Dask Nunique bug under dask 2024.2.1 #10982

frbelotto · 2024-03-07T03:50:10Z

Hello guys,
Take this CSV as an example dataframe. I am sorry but I could set an example dataframe by coding able to reproduce such bug
teste.csv

Now, lets open and execute the query on the example dataframe under dask 2023.10.0:

import dask.dataframe as dd
ddf = dd.read_csv('teste.csv', dtype = {'status':'category', 'produto':'category','parceiro':'category', 
                                            'mci' : 'Int32','marca':'category', 'sku' :'string', 'cod_transacao': 'string', 'forma_pagamento':'category',
                                            'gmv' : 'Float32', 'receita' : 'Float32', 'cashback':'Float32'})
base_consumo = ddf.groupby(['mci', 'marca'], dropna=False, observed=True)['marca'].nunique().to_frame()
base_consumo.head()

Runs ok!

Now, lets do the same test under dask 2024.2.1

import dask.dataframe as dd
ddf = dd.read_csv('teste.csv', dtype = {'status':'category', 'produto':'category','parceiro':'category', 
                                            'mci' : 'Int32','marca':'category', 'sku' :'string', 'cod_transacao': 'string', 'forma_pagamento':'category',
                                            'gmv' : 'Float32', 'receita' : 'Float32', 'cashback':'Float32'})
base_consumo = ddf.groupby(['mci', 'marca'], dropna=False, observed=True)['marca'].nunique().to_frame()
base_consumo.head()


---------------------------------------------------------------------------
KeyError                                  Traceback (most recent call last)
File [c:\Users\fabio\AppData\Local\Programs\Python\Python312\Lib\site-packages\dask\dataframe\utils.py:194](file:///C:/Users/fabio/AppData/Local/Programs/Python/Python312/Lib/site-packages/dask/dataframe/utils.py:194), in raise_on_meta_error(funcname, udf)
    [193](file:///C:/Users/fabio/AppData/Local/Programs/Python/Python312/Lib/site-packages/dask/dataframe/utils.py:193) try:
--> [194](file:///C:/Users/fabio/AppData/Local/Programs/Python/Python312/Lib/site-packages/dask/dataframe/utils.py:194)     yield
    [195](file:///C:/Users/fabio/AppData/Local/Programs/Python/Python312/Lib/site-packages/dask/dataframe/utils.py:195) except Exception as e:

File [c:\Users\fabio\AppData\Local\Programs\Python\Python312\Lib\site-packages\dask\dataframe\core.py:7174](file:///C:/Users/fabio/AppData/Local/Programs/Python/Python312/Lib/site-packages/dask/dataframe/core.py:7174), in _emulate(func, udf, *args, **kwargs)
   [7173](file:///C:/Users/fabio/AppData/Local/Programs/Python/Python312/Lib/site-packages/dask/dataframe/core.py:7173) with raise_on_meta_error(funcname(func), udf=udf), check_numeric_only_deprecation():
-> [7174](file:///C:/Users/fabio/AppData/Local/Programs/Python/Python312/Lib/site-packages/dask/dataframe/core.py:7174)     return func(*_extract_meta(args, True), **_extract_meta(kwargs, True))

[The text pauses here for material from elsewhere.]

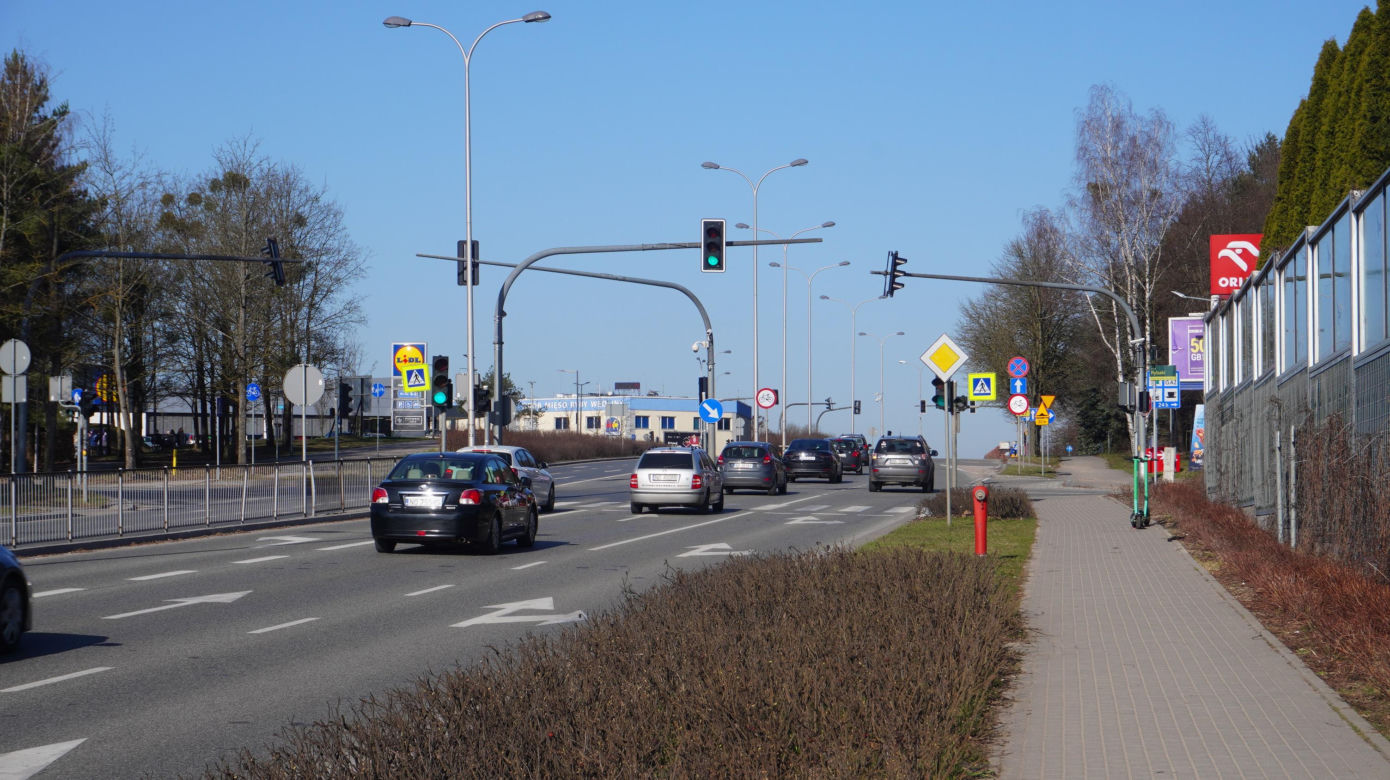 To najdłuższa ulica w Olsztynie. Przebiega aż przez trzy osiedla. Zaskakujące, ile ma metrów!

File [c:\Users\fabio\AppData\Local\Programs\Python\Python312\Lib\site-packages\dask\dataframe\groupby.py:781](file:///C:/Users/fabio/AppData/Local/Programs/Python/Python312/Lib/site-packages/dask/dataframe/groupby.py:781), in _nunique_df_aggregate(df, levels, name, sort)
    [780](file:///C:/Users/fabio/AppData/Local/Programs/Python/Python312/Lib/site-packages/dask/dataframe/groupby.py:780) def _nunique_df_aggregate(df, levels, name, sort=False):
--> [781](file:///C:/Users/fabio/AppData/Local/Programs/Python/Python312/Lib/site-packages/dask/dataframe/groupby.py:781)     return df.groupby(level=levels, sort=sort, observed=True)[name].nunique()

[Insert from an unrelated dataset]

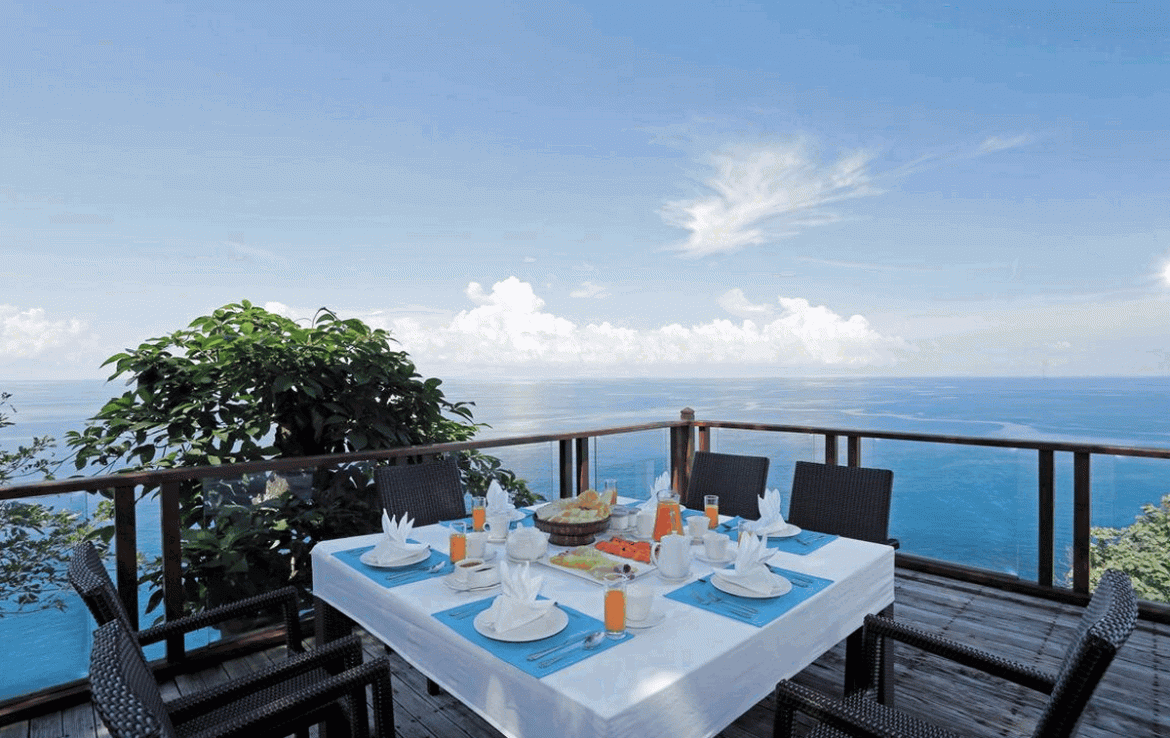Kamala 6 bedroom / 6 bathroom Villa for sale on Phuket island, Thailand 6 bedroom / 6 bathroom Villa in Kamala is available for sale, or re-sale.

File [c:\Users\fabio\AppData\Local\Programs\Python\Python312\Lib\site-packages\pandas\core\groupby\generic.py:1951](file:///C:/Users/fabio/AppData/Local/Programs/Python/Python312/Lib/site-packages/pandas/core/groupby/generic.py:1951), in DataFrameGroupBy.__getitem__(self, key)
   [1947](file:///C:/Users/fabio/AppData/Local/Programs/Python/Python312/Lib/site-packages/pandas/core/groupby/generic.py:1947)     raise ValueError(
   [1948](file:///C:/Users/fabio/AppData/Local/Programs/Python/Python312/Lib/site-packages/pandas/core/groupby/generic.py:1948)         "Cannot subset columns with a tuple with more than one element. "
   [1949](file:///C:/Users/fabio/AppData/Local/Programs/Python/Python312/Lib/site-packages/pandas/core/groupby/generic.py:1949)         "Use a list instead."
   [1950](file:///C:/Users/fabio/AppData/Local/Programs/Python/Python312/Lib/site-packages/pandas/core/groupby/generic.py:1950)     )
-> [1951](file:///C:/Users/fabio/AppData/Local/Programs/Python/Python312/Lib/site-packages/pandas/core/groupby/generic.py:1951) return super().__getitem__(key)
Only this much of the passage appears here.